C'est à la lumière de cette préoccupation que, dans le livre beige, le Parti libéral du Québec suggère que ce pouvoir d'intervention fédéral ne puisse être invoqué que dans des situations de crise ou d'urgence. Essentiellement, ce qui est visé, c'est une crise ou une urgence provoquée par une interruption des approvisionnements et que, à ce moment, un pouvoir d'urgence de caractère temporaire puisse permettre de résoudre, par rationnement, allocation des ressources, etc., la situation de pénurie absolue dans laquelle cette urgence plonge le pays et les provinces consommatrices.

Il est d'ailleurs intéressant de noter que ce genre de libellé, par référence à une situation d'urgence nationale et une urgence comprise par tous comme étant essentiellement une interruption des approvisionnements, constitue également un libellé acceptable à la province d'Alberta. Donc, l'Alberta, selon notre compréhension à nous, accepte une possibilité d'intervention fédérale dans des cas d'interruption d'approvisionnement, interruption limitée à l'envergure de la crise ainsi provoquée à la fois dans le temps et quant à ses répercussions.
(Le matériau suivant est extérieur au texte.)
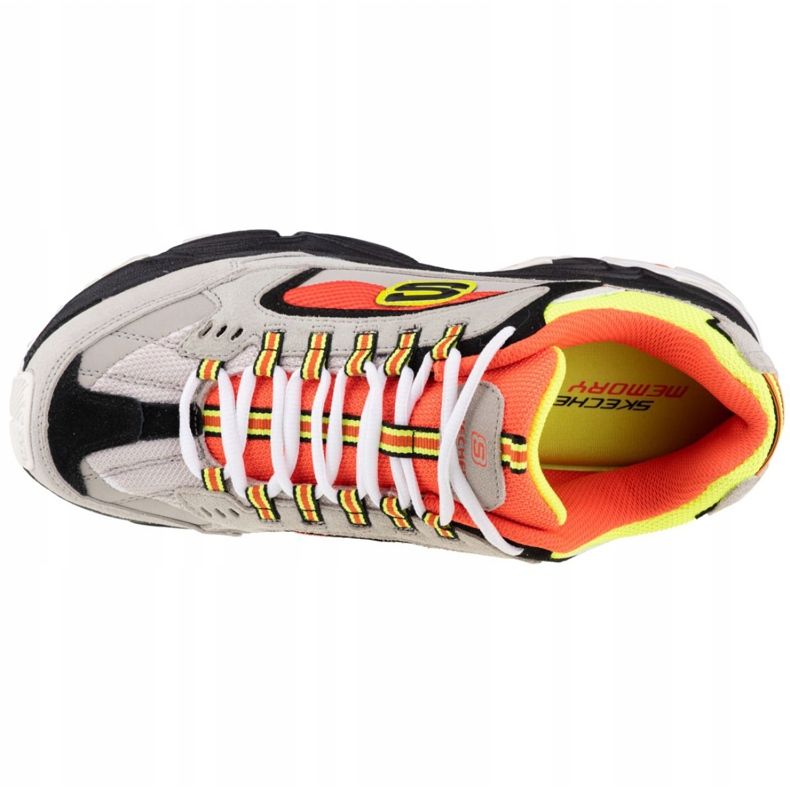 Skechers Stamina-Cutback M 51286-GYOR pomerančový šedá vícebarevný 2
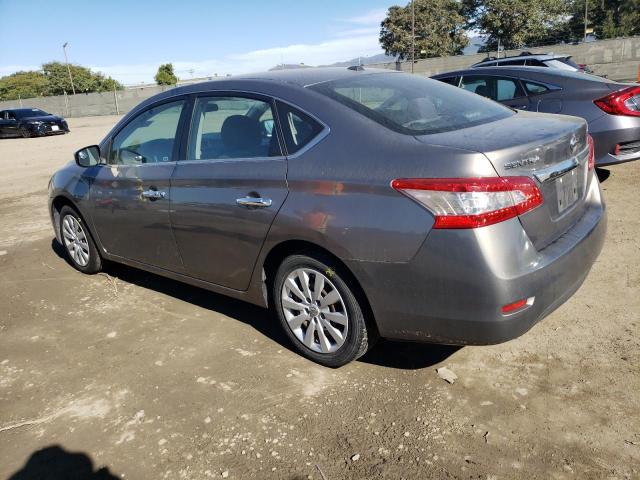 3N1AB7AP1FY366506 - 2015 NISSAN SENTRA S GRAY photo 2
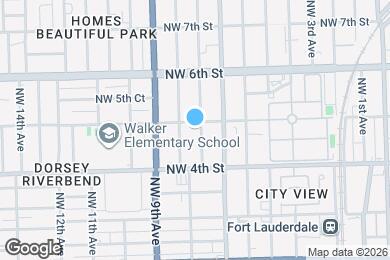 Map image of the property - 441 NW 7th Terrace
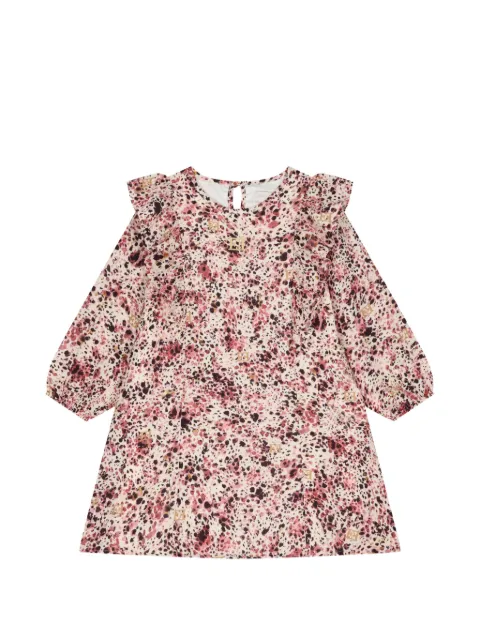 Escada Kids ruffled splatter-print dress
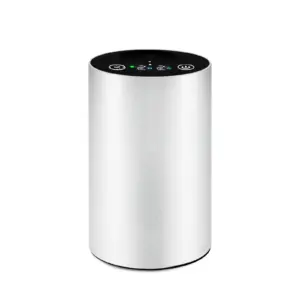 Difusor sin agua con pantalla LCD de aleación 2410: la pantalla muestra el nivel y el estado del temporizador; botella de vidrio para aceite de 20 ml / 0.68 fl oz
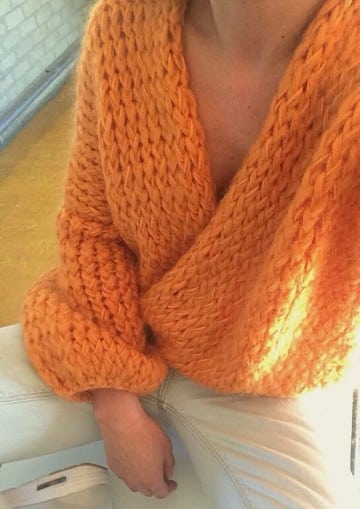 sweaters a crochet dama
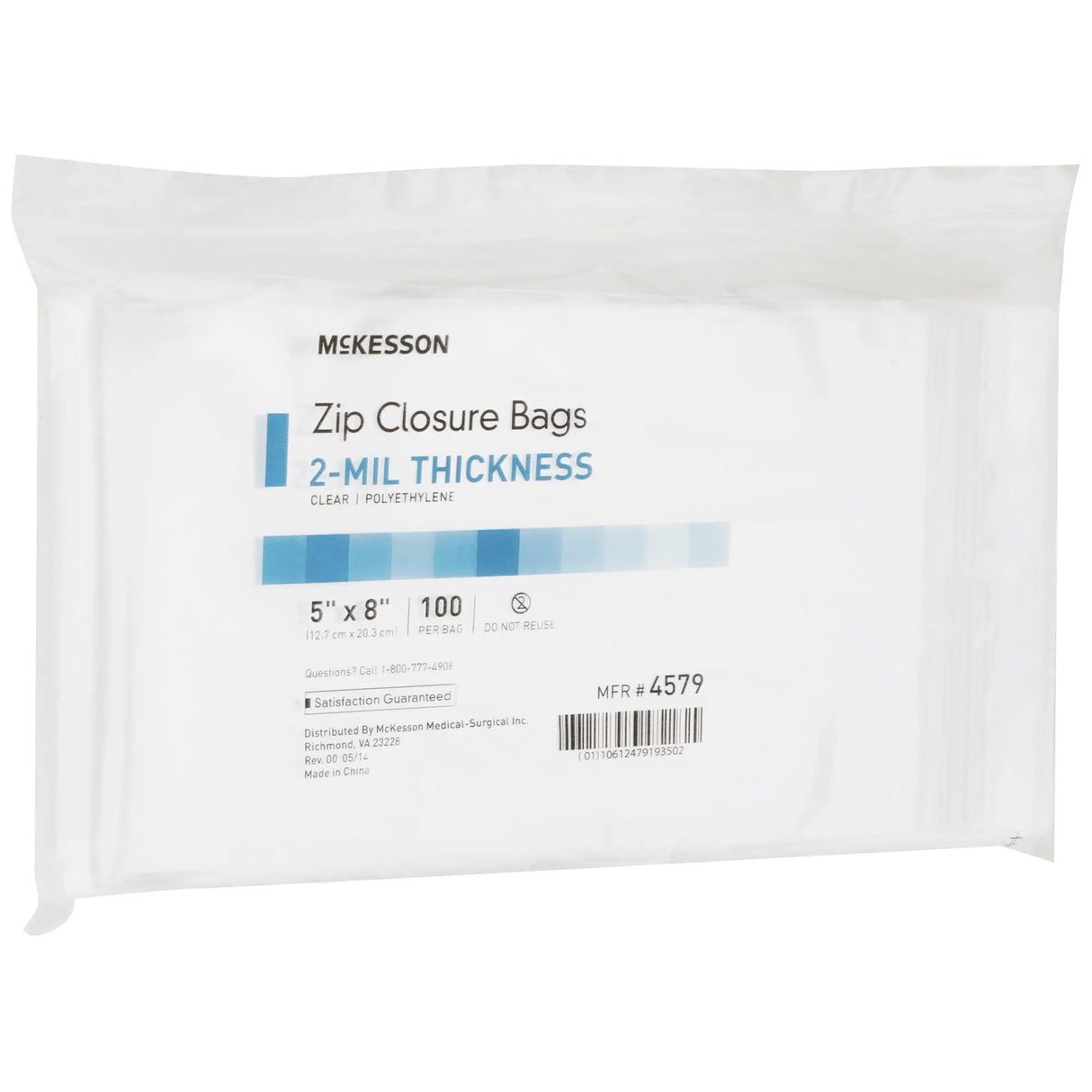 McKesson 5 X 8 Inch Zip Closure Bag McKesson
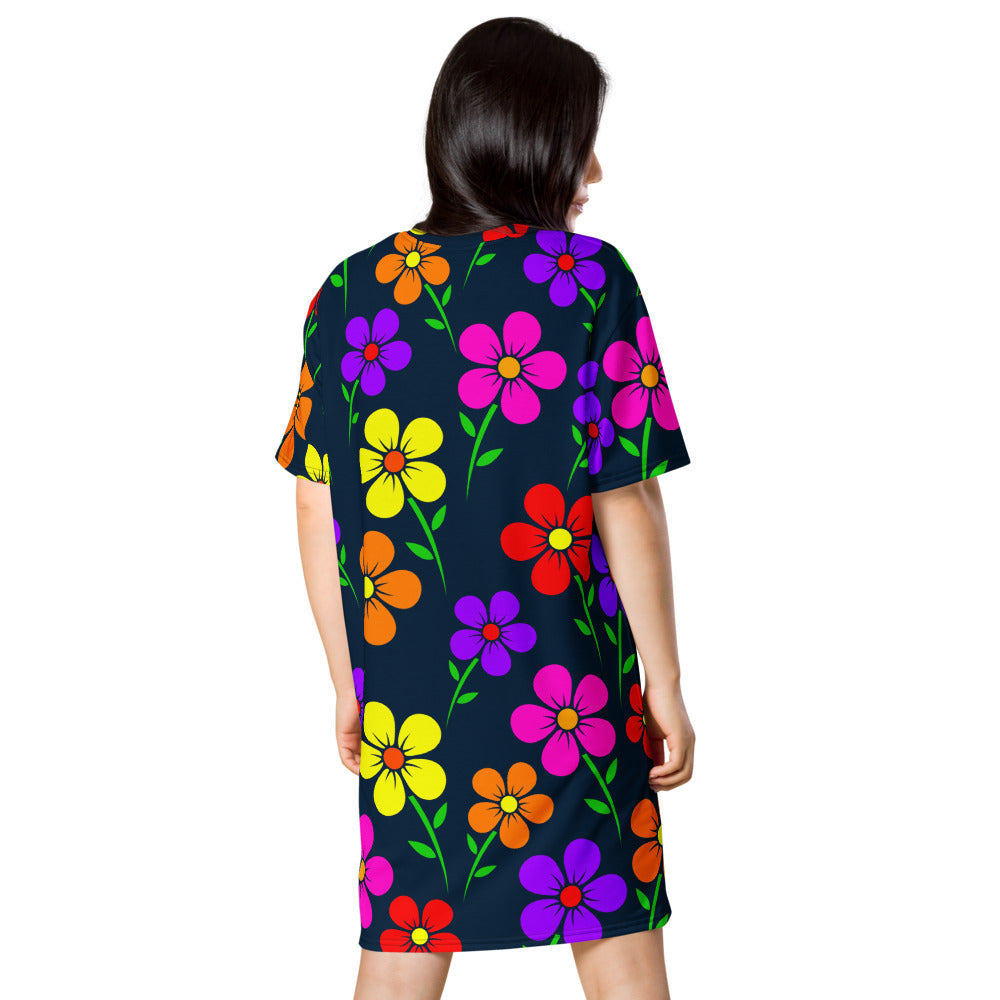 floral t shirt dress Whistles Trapeze Green/Multi Size 14 Shirt Dress is tagless English Factory Women's T-Shirt Dress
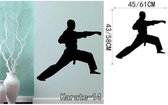 3D Sticker Decoratie Karate Vechtsporten Man Muurtattoo Aangepaste Chinese Kongfu Vechten Creatieve Vinyl Sticker Woondecoratie - Karate14 / Small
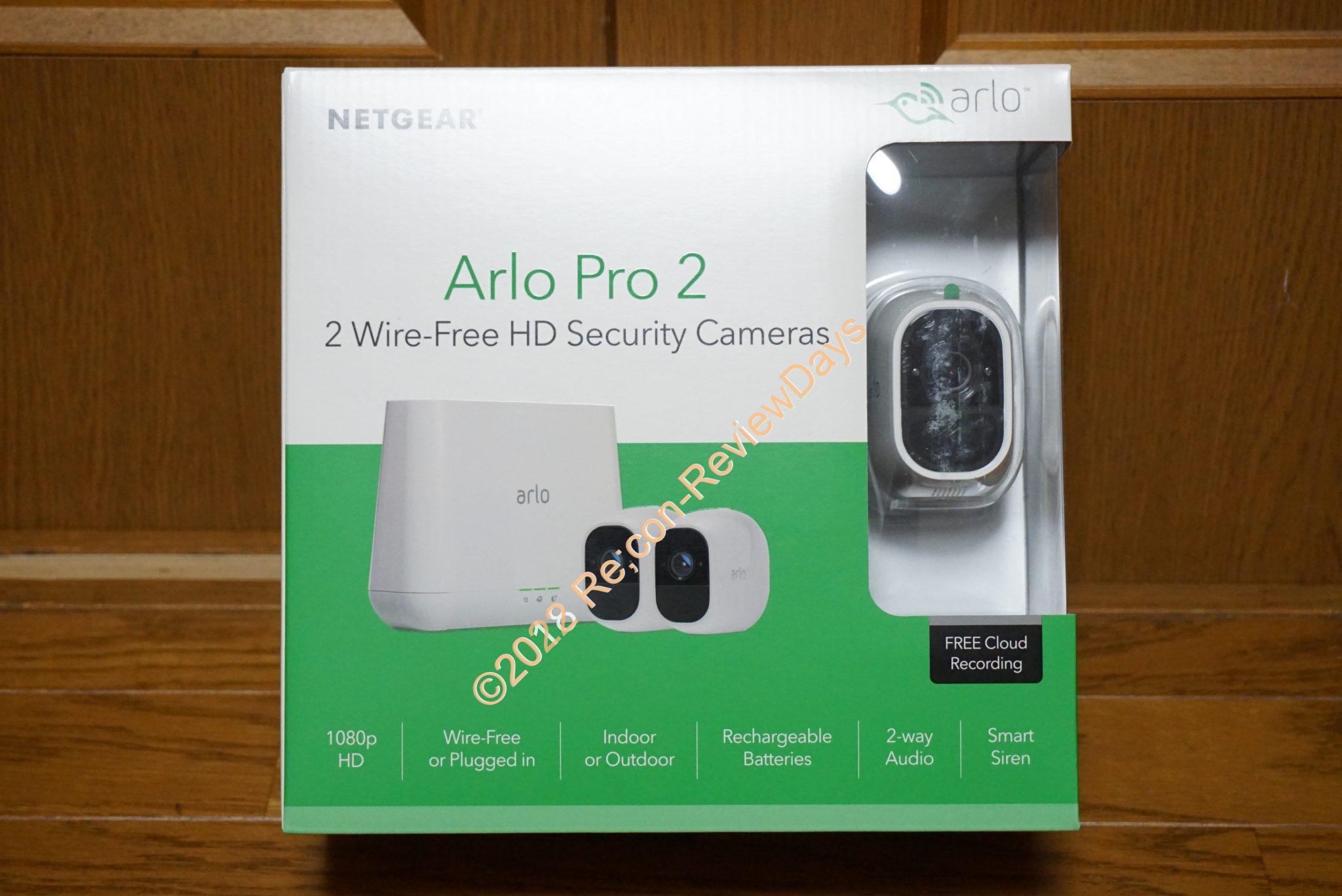 Arlo pro2 カメラ 2台セット+ Pro 2 ベースステーション 【公式通販】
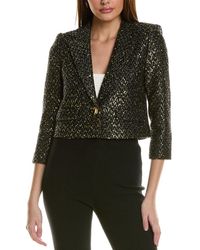 St. John - Textured Jacket - Lyst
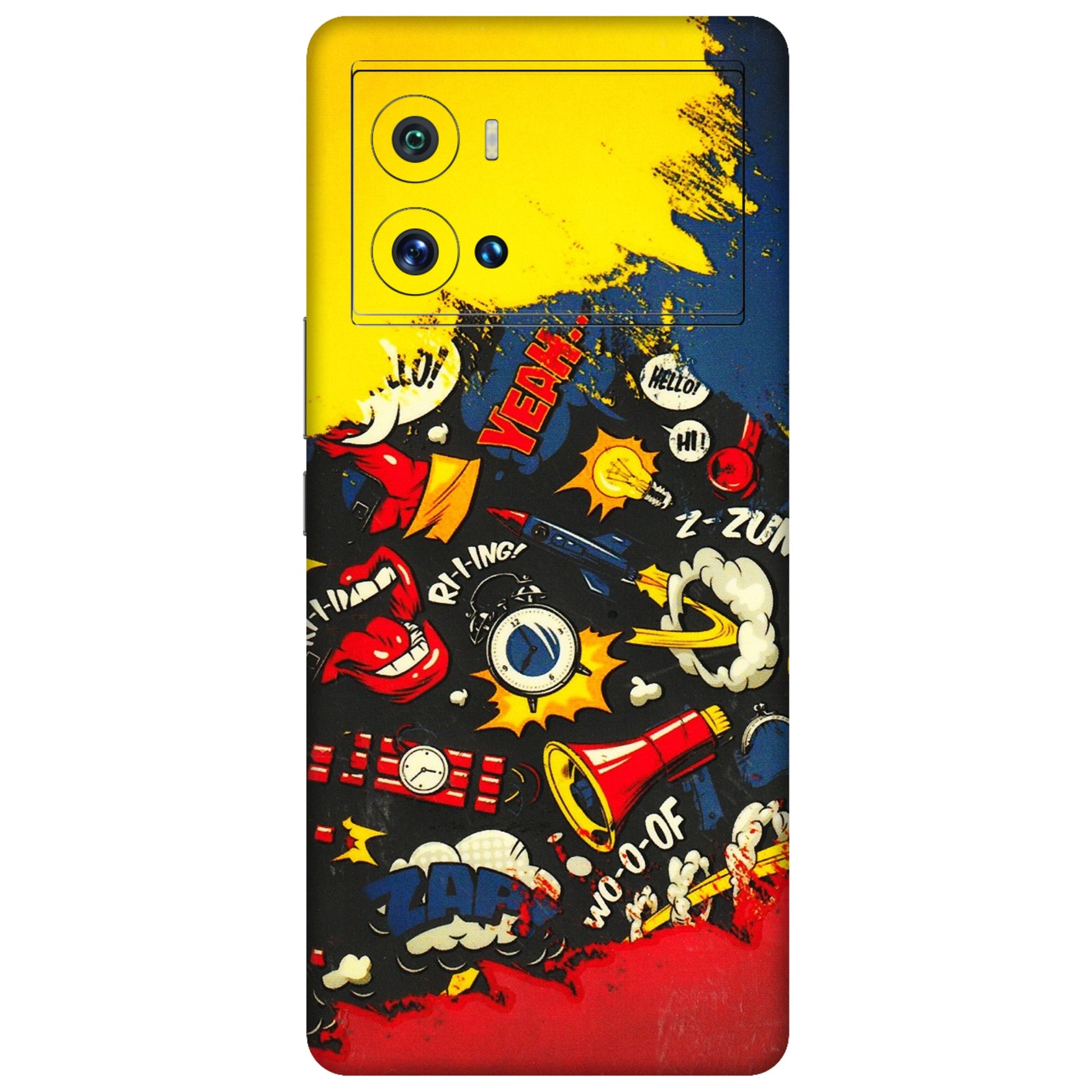 IQOO Phone Skins (All Models) - Pacific Doodle Art - 3D Embossed Finish (L-120) IQOO 9 Pro 5G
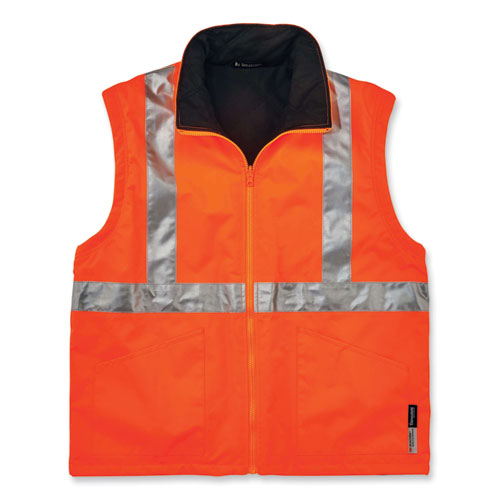 Glowear 8385 Class 3 Hi-vis 4-in-1 Jacket, Small, Orange, Ships In 1-3 Business Days
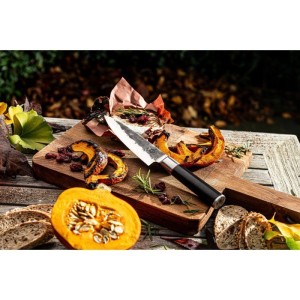 Couteau du chef - FORGED - SEBRA - Acier japonais 440C - Manche en bois Dalbergia - L 16 cm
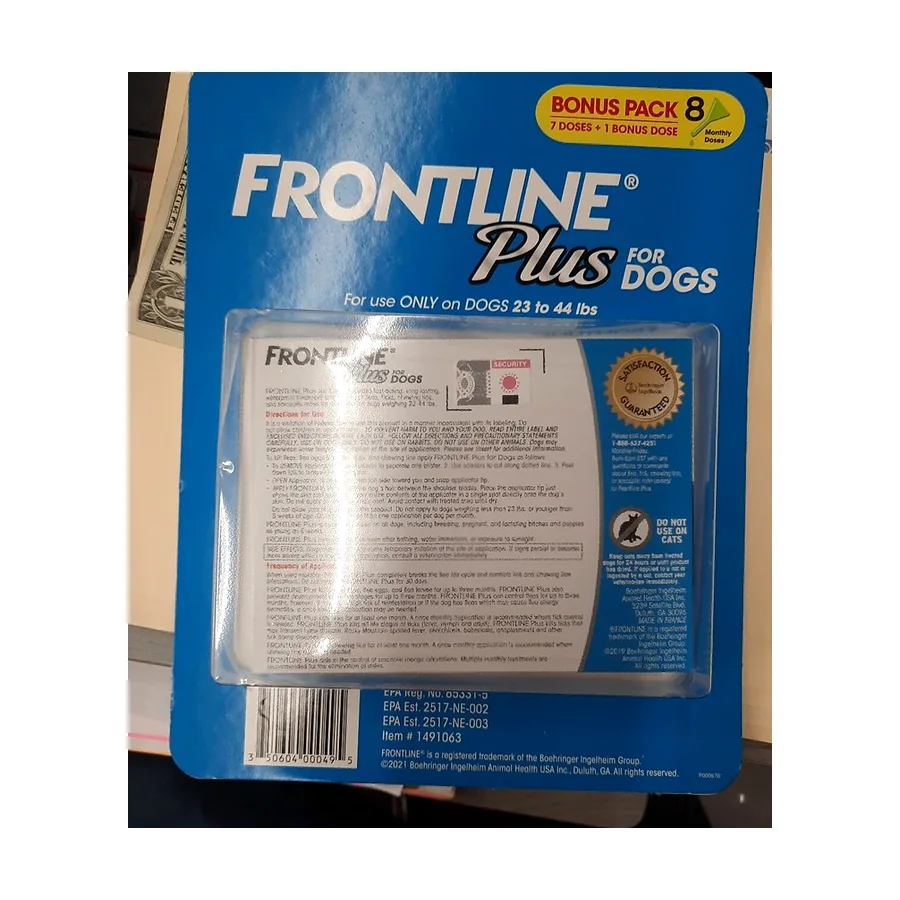 Frontline Plus Flea and Tick Treatment for medium Dogs 23-44 LBs 6 Doses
A rencontre d'une position comme celle-là, qui semble ménager les intérêts à la fois des provinces productrices et des provinces consommatrices, la position qu'on retrouve dans les documents qui nous ont été remis, qui est un simple engagement moral des gouvernements de ne pas se maltraiter, nous apparaît insatisfaisante; insatisfaisante dans l'intérêt même des Québécois, qui sont des Canadiens et qui, dans le cas des ressources énergétiques, doivent pouvoir compter sur une garantie beaucoup plus solide que si jamais, par exemple, se produisait, en Arabie Saoudite ou Dieu sait où, les événements qui se sont produits en Iran. Si l'Est du pays était, pour cette raison, plongé dans une situation de pénurie absolue, que l'on ne soit pas à la merci d'un engagement moral et seulement d'un engagement moral d'une province productrice, mais qu'il y ait là un engagement réel et une obligation réelle de la province productrice d'accepter, pour le temps que dure cette crise — et ce ne sera pas à jamais, puisqu'on trouvera, bien sûr, des moyens de s'ajuster — qu'au moins sur le plan des approvisionnements, certaines affectations autoritaires soient faites de manière que les gens du Québec ne meurent pas dans l'obscurité et le froid pendant le temps que dure la crise. C'est un engagement qui nous semble essentiel.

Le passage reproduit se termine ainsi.